The new comprehensive worldwide Pew poll of public opinion conclusively disproves both of those views. The polling data demonstrates that while America’s standing in the world is dangerously low on every continent in the world (the sole exception being Christian nations in Africa), pervasive anti-American sentiment has emerged only in the last six years. Prior to the Bush administration, America was respected and admired in most of the world, its values a source of inspiration, the ideals it espoused a source of widespread respect. Those are just facts.

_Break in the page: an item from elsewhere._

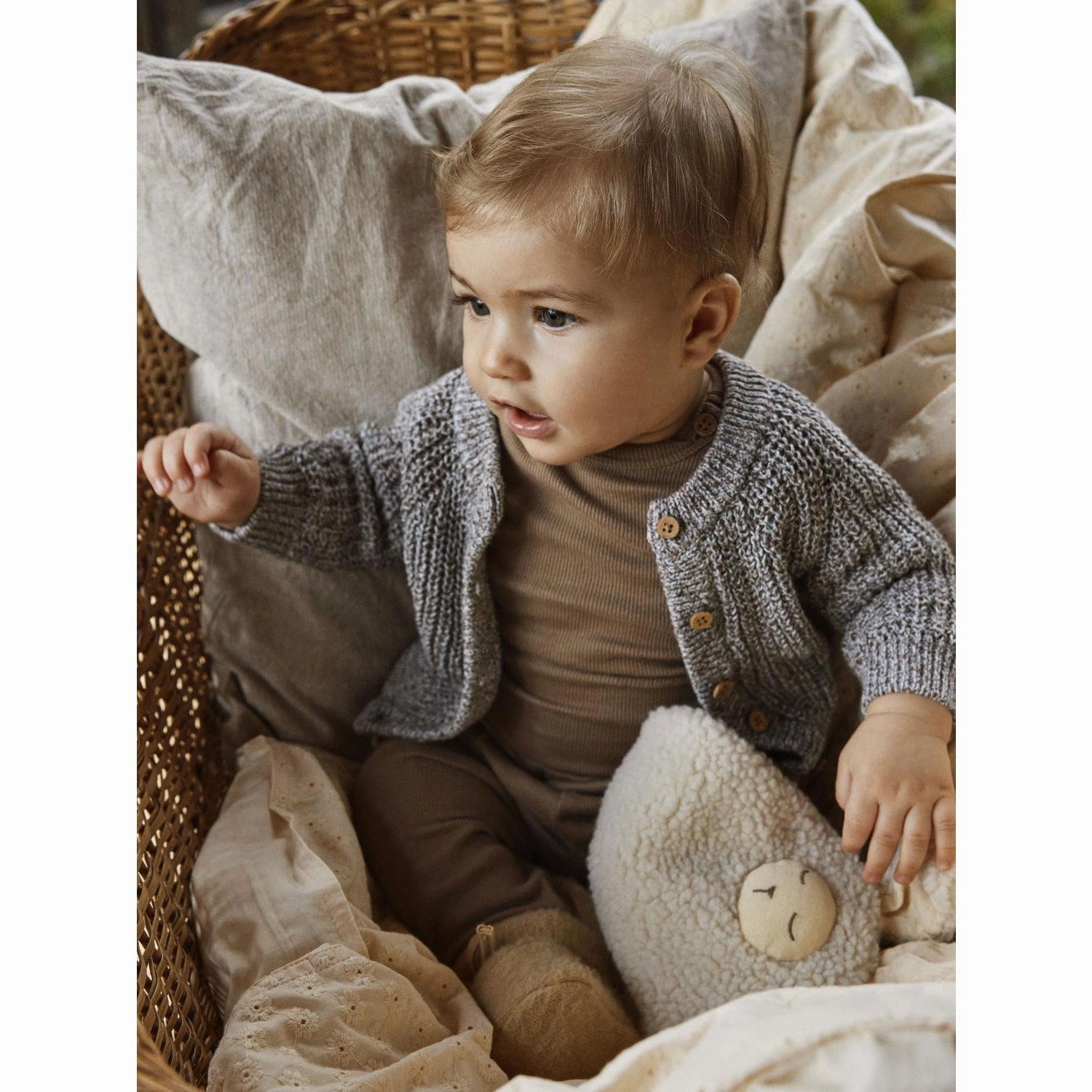 Lil'Atelier Sky Gray Noro Knit Cardigan Polyester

The collapse of America’s moral standing in the world — the intense and widespread contempt in which we are held — is, without question, a direct by-product of our behavior over the last six years. While America, like every country, has made mistakes and engaged in wrongful behavior prior to that, it was viewed by an overwhelming majority of people in the world as a net force for good. Far from the claim by neoconservatives and their allies that the “international community” is intrinsically anti-American no matter what we do — and we should therefore ignore it and express our contempt for it — the widespread respect America commanded and the admiration for our values was, prior to George W. Bush, a vital ingredient of our national security and ability to protect our interests.

Initially, simply compare the percentages of people around the world, on every continent, who held favorable views of the United States in 1999-2000, versus the staggeringly small percentages who hold such views a mere seven years later:

The picture that emerges here is conclusively clear. In virtually every area of the world — Western Europe, Eastern Europe, Latin America and Asia — overwhelming majorities of people viewed the U.S. favorably prior to the Bush presidency. But in virtually every single country in each of those regions, the percentage which now views the U.S. favorably has collapsed, and is now confined only to minorities, often tiny minorities.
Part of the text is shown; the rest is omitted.